First Minister Peter Robinson has warned there are only weeks to "save Stormont" following the assessment by a British government-appointed panel that the IRA army council still exists.
The British and Irish governments and the North’s five main parties are beginning to consider the fallout from the report which endorsed PSNI Chief Constable George Hamilton’s assessment that the IRA exists and some of its members were implicated in the murder of Belfast republican Kevin McGuigan.
Northern Secretary Theresa Villiers and Minister for Foreign Affairs Charlie Flanagan – who are meeting Northern political leaders at Stormont on Wednesday – have set a deadline of the end of this month to resolve the two key issues of paramilitarism and welfare reform.
The governments were buoyed by the fact that, notwithstanding that the three-member panel’s report said the IRA army council still operated, Mr Robinson has decided to seek resolution in the talks rather than walk away from the process.
Ended boycott
To that end Mr Robinson on Tuesday ended his boycott of the Northern Executive which he called in the wake of the murder of Mr McGuigan.
He has returned as First Minister and brought his Ministers back into the Executive with him.
“We have a couple of weeks to save Stormont,” he said. Mr Robinson added that an “intense” period of negotiations must begin from today, a view endorsed by senior Dublin and London sources.

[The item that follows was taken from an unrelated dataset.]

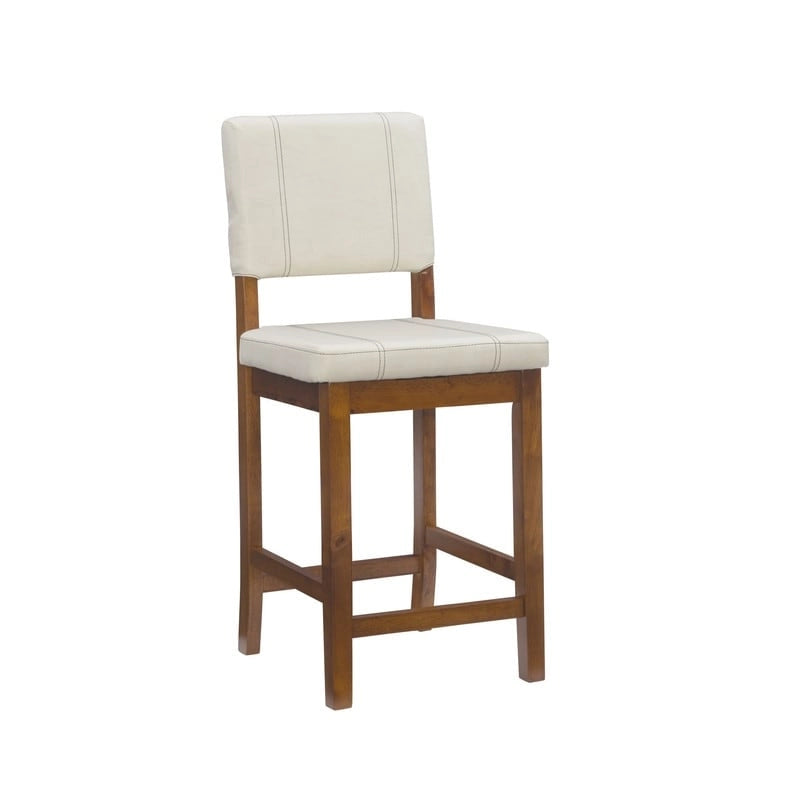 Tabouret de bar crème en similicuir Milano, hauteur comptoir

“I just don’t think there is any difference between the leadership of the IRA and the leadership of Sinn Féin,” said Mr Robinson in relation to the panel’s assessment about the army council still operating.
“That has consistently been my position but we do need to have a situation where we are relying entirely on political and democratic structures and there is no room for paramilitary organisations.”
In his response to the report’s findings, Deputy First Minister Martin McGuinness, said the IRA had successfully delivered on the “transition from conflict to peace” and that “Sinn Féin is now the only organisation involved in the republican struggle and in republican activism.
“There are of course enormous and urgent issues to be dealt with around the existence of armed groups, paramilitaries and criminality,” he said.
IRA structures
The report, which was written by British Liberal Democrat peer Lord Carlile, retired senior Northern Ireland civil servant Rosalie Flanagan and lawyer Stephen Shaw, found that IRA structures still exist but in a "much reduced form".
They also found the IRA still has weapons despite the statement of full decommissioning in 2005; that some members were involved in criminality; that “there have been isolated incidents of violence, including murders”; and that IRA members are gathering information on dissidents and possible informers.
More positively they judged that the IRA’s strategy has a “wholly political focus” and that the IRA “of the Troubles era is well beyond recall”.
“It is our firm assessment that PIRA’s leadership remains committed to the peace process and its aim of achieving a united Ireland by political means,” they said.
Meanwhile, a new Garda report has concluded that some former PIRA members are now engaged in organised crime in the Republic for personal gain but that it has “withered” year on year, to a much greater extent than in the North.